Russian space officials have informed US counterparts that Moscow would like to keep flying its cosmonauts aboard the International Space Station (ISS) until their own orbital outpost is built and operational, a senior NASA official told Reuters.
Taken together with remarks from a senior Russian space official published on Wednesday, US time, the latest indications are that Russia is still at least six years away from ending an orbital collaboration with the United States that dates back more than two decades.
A schism in the ISS program seemed to be closer at hand earlier this week, when Yuri Borisov, the newly appointed director-general of Russia's space agency Roscosmos, surprised NASA by announcing that Moscow intended to withdraw from the space station partnership "after 2024".

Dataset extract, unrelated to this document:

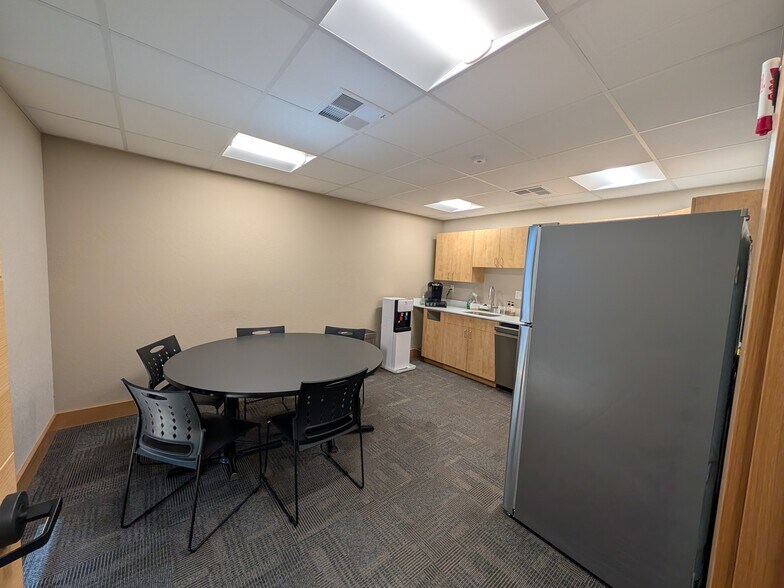 More Photos Of 5616 Third Ave, Ferndale Medical For Lease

Kathy Lueders, NASA's space operations chief, said in an interview that Russian officials told the US space agency that Roscosmos wished to remain in the partnership as Russia works to get its planned orbital outpost, named ROSS, up and running.
"We're not getting any indication at any working level that anything's changed," Lueders told Reuters, adding that NASA's relations with Roscosmos remain "business as usual".
The space station, a science laboratory spanning the size of a football field and orbiting some 400 km above Earth, has been continuously occupied for more than two decades under a US-Russian-led partnership that also includes Canada, Japan and 11 European countries.
It offers one of the last vestiges of cooperation between the United States and Russia, though its fate has been called into question since Russia invaded Ukraine in February, straining bilateral relations on a variety of fronts as the Biden administration imposed economic sanctions on Moscow.
The Ukraine conflict also sparked tensions between Roscosmos and the European Space Agency (ESA).
A formal agreement to extend Russia's ISS participation beyond 2024 has not yet been reached. NASA, Roscosmos, ESA and the station's other partners plan to discuss the prospect of extending each other's presence on the laboratory to 2030 during a periodic meeting on Friday of the board that oversees the station's management, Lueders said.
Roscosmos published on its website an interview with Vladimir Solovyov, the flight director for the space station's Russian segment, who was quoted as saying Russia must remain on the station until ROSS is operating.
Solovyov said he expected ROSS would be fully assembled in orbit sometime in 2028.
"We, of course, need to continue operating the ISS until we create a more or less tangible backlog for ROSS," Solovyov said. "We must take into account that if we stop manned flights for several years, then it will be very difficult to restore what has been achieved."
The American and Russian segments of the space station were deliberately built to be intertwined and technically interdependent, so that any abrupt withdrawal of Russian cooperation aboard the ISS could seriously disrupt a centerpiece of NASA's human spaceflight program.
US gyroscopes provide day-to-day control over ISS orientation in space while the Russian unit provides the propulsion used to keep the station in orbit and is used to dodge space debris.
Meanwhile, famed Apollo 11 astronaut Buzz Aldrin's flight jacket, which he wore on the historic mission to the moon in 1969, was sold for about US$2.8 million in New York, auction house Sotheby's said.
The jacket front displays NASA's logo and the Apollo 11 mission emblem, which is slightly below Aldrin's name tag.
It also has the United States' flag on its left shoulder and is made of Beta cloth, a fireproof cloth that was incorporated into NASA space suits after three Apollo 1 astronauts died in a flash fire aboard their spacecraft during a ground test in 1967.
After the jacket, the second highest grossing item at the auction was the summary flight plan of the Apollo 11 mission. It was sold for US$819,000, exceeding estimates of US$100,000-US$150,000.
Neil Armstrong and Aldrin were the first humans to walk on the moon. Aldrin, who is now 92, is the only surviving member of the mission's three-man crew.